Il tema del sosia e dell’appropriazione indebita della vita altrui (riprendendo anche il significato del titolo) è un retaggio che Fukada attinge dal suo bagaglio culturale: ha vissuto in Francia ed è influenzato dalla letteratura europea così come si possono intravedere alcuni richiami di nuovo ad Akira Kurosawa e al suo Kagemusha. A conferma di ciò, il regista giapponese chiude Yokogao proprio con l’incontro tra Ichiko e Motoko: la prima è in auto con il nipote, la seconda attraversa le strisce pedonali vestita da infermiera – come lo era Ichiko all’inizio – che accompagna degli anziani insieme alle colleghe. La donna per un momento è tentata di investire colei che ha preso il suo posto, ma, presa coscienza di essere lei stessa divenuta un simulacro, scatena la sua impotenza rabbiosa suonando il clacson (anch’esso simbolicamente un sostitutivo di un urlo). L’ultima inquadratura è un dettaglio dello specchietto laterale dell’auto di Ichiko in cui si riflette il volto della donna: metafora della sua trasformazione in un piccolo riflesso che si sta allontanando da se stessa e dalla sua sostituta.

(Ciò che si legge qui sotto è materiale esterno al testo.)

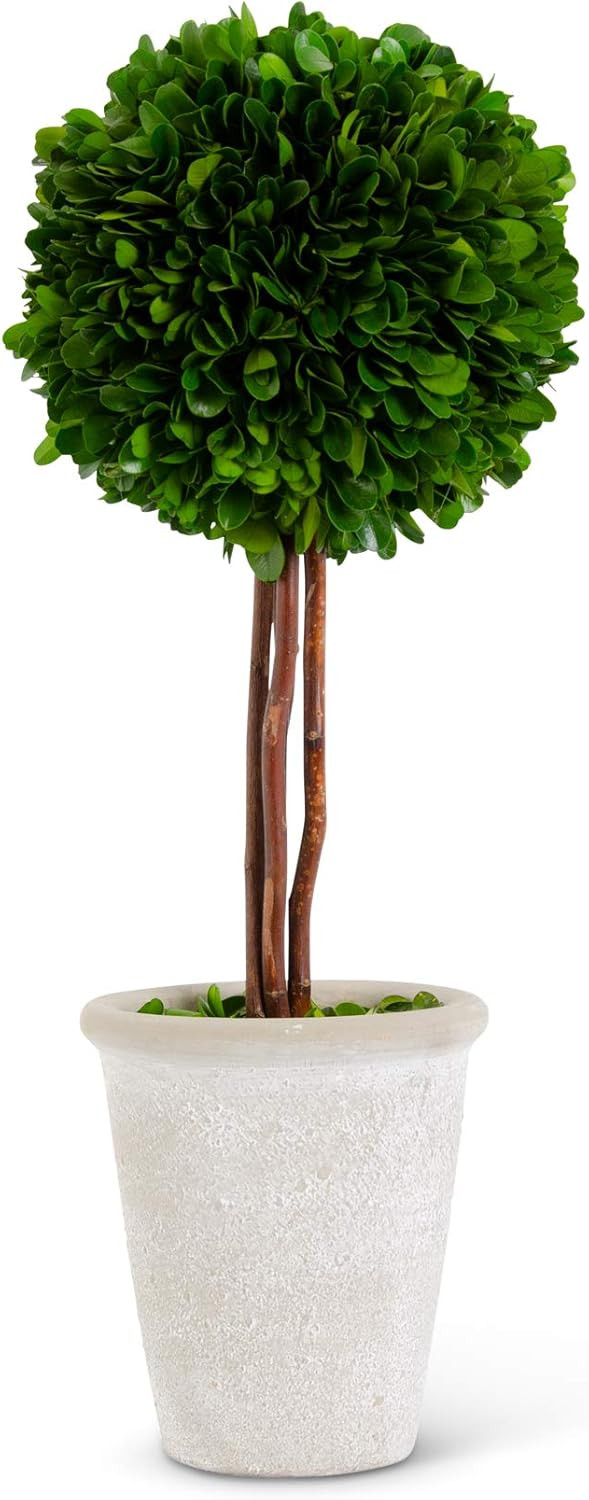 K&K Interiors 17261A-2 17 Preserved Boxwood Ball Topiary in White Wash Terra Cotta Pot, Green | Amazon (US)
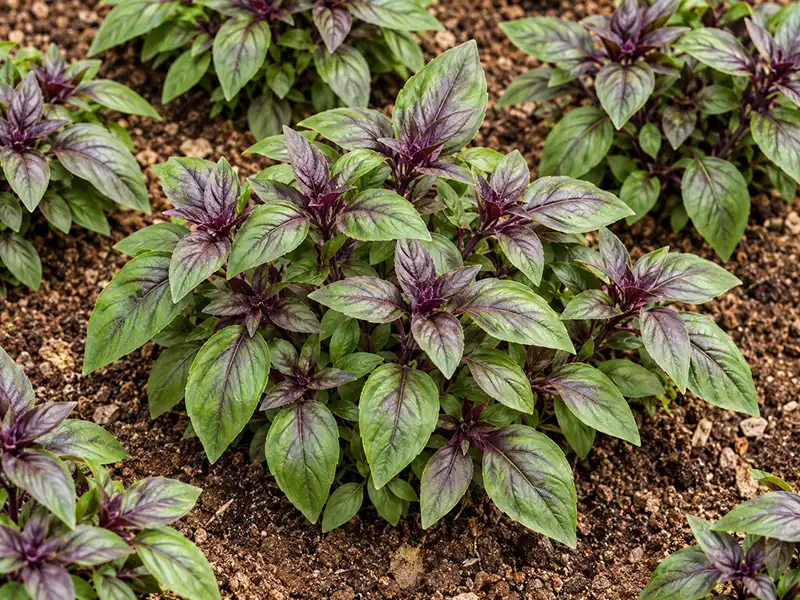 Basil Cinnamon Microgreen Seeds - Image 2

La complessità di scrittura (Fukada è autore anche della sceneggiatura) è tradotta in un montaggio alternato tra due linee temporali delle vicende narrate in Yokogao: da un lato, il presente di Ichiko che cerca vendetta, dall’altro, in flashback, gli accadimenti passati e lo scandalo. La messa in serie, oltre a lavorare su ellissi temporali, effettua un’implosione cronologica in un presente continuo nella mente della protagonista, creando un mélange con le sequenze del passato e alcune scene oniriche, di cui è protagonista Ichiko, che esprime nella forma del testo filmico il turbamento vissuto dal personaggio. Il regista giapponese equilibra poi questi due elementi con una semplicità nella messa in scena e una conduzione degli attori di cui asseconda la capacità di immedesimazione nei personaggi. Già vincitore di un premio al Festival di Cannes nel 2016 con Harmonium, il settimo lungometraggio di Koji Fukada si rivela un’altra opera di spessore e originalità di sguardo del malessere dell’individuo contemporaneo.